The Stage: Introducing the six-month theatre interval

March 18th, 2016 § 0 comments § permalink

Lynn Hawley, Amy Warren, Maryann Plunkett and Meg Gibson in Hungry (Photo by Joan Marcus)

I’m writing this column during an interval. I’ll still be waiting out that interval when I write again next week. In fact, I won’t be getting in for Act II until September, after which I’ll wait about six weeks for Act III.

Of course, this is an exaggeration, but as I try to explain the experience of seeing Richard Nelson’s The Gabriels: Election Year in the Life of One Family, it gets at what Nelson is doing with his new trilogy, akin to what he previously achieved with his quartet, The Apple Family Plays.

Offering glimpses of a few hours with a family at something approaching real time, these works are not unlike dropping in on relatives that you manage to see only a few times a year. In some ways, it’s the opposite of immersive theatre: it gives you a very small taste of a story, and then makes you wait for months before you get another shot. To be fair, each play can stand on its own, though the collective experience gains a cumulative power.

I saw the first of The Gabriels plays, Hungry, on March 6; the events of the play took place on March 5, 2016 – and they always will. That’s why subsequent stagings of these Nelson works will never quite match the temporal verisimilitude of their first productions, because even if they’re spaced out to approximate real time, they can never again be exactly of the original moment. For all their simplicity, these Nelson works are almost daring in their formal approach to time.

Usually when we think about time in the theatre it’s durational: how many hours did it take? The Life and Adventures of Nicholas Nickleby, The Mahabarata, The Norman Conquests, Gatz: part of the experience is how long we sit for them – and subsequently we brandish our stamina in front of others. Nelson not only wants audiences to allow their own lives to pass before they next experience the work, but he also wants time genuinely to pass in the life of his characters – and it forces him as a playwright to grapple with intervening events in the world, beyond the Rhinebeck NY village where both multi-play works are set.

The tradition of playing with time in theatre is longstanding; J.B. Priestley used it frequently, in such plays as Time and the Conways; Ayckbourn has toyed with it as well, adding the geographic complications and simultaneity of House and Garden. More recently, Annie Baker has pushed the perceived boundaries of what can be done with naturalistic dialogue in The Flick, mandating gaps in conversation that mimic halting, awkward real speech, but are contrary to the snap and pace of so many stage works.

Sarah Steele, Arian Moayed and Jayne Houdyshell in The Humans (Photo by Joan Marcus)

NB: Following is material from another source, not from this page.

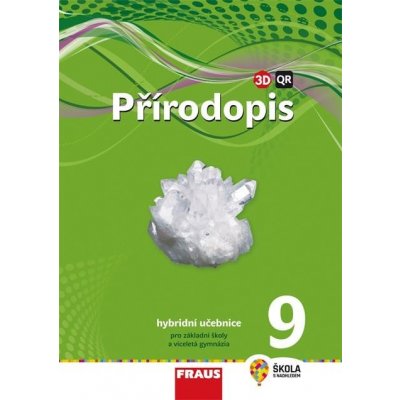 Přírodopis 9 pro ZŠ a víceletá gymnázia - Učebnice hybridní (nová generace)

Even as The Gabriels unfolds its first chapter and leaves us wondering what will be part of the next, another experiment in time is taking place on Broadway, but so subtly that few people realise they’ve seen one.

Moving from Off-Broadway, Stephen Karam’s The Humans has once again been acclaimed for its portrait of a family at Thanksgiving as they reveal the threads that may be unraveling in their permanently linked lives.

But what people miss is that while the play appears to unfold in real time, from the arrival of guests for dinner right up to the moment the guests depart – with drinks and meal included – it takes only 90 minutes from start to finish, never seeming rushed or abbreviated. Karam packs in an enormous amount of information about his characters’ lives in circumstances as mundane and everyday as those in The Gabriels. His sleight-of-hand compression, played out without a pause, takes an event we know to be lengthy from our own experiences and leaves us thinking we’ve watched the real thing.

Though it is often held up as an artistic goal, nothing in the theatre can ever truly be natural; a certain artificiality is inherent in the form. But right now in New York, in the least apparent of productions, we’re watching playwrights alter how we perceive time and how it can be employed in the theatre, invisible stage magic played out at extraordinary length and deceptive brevity.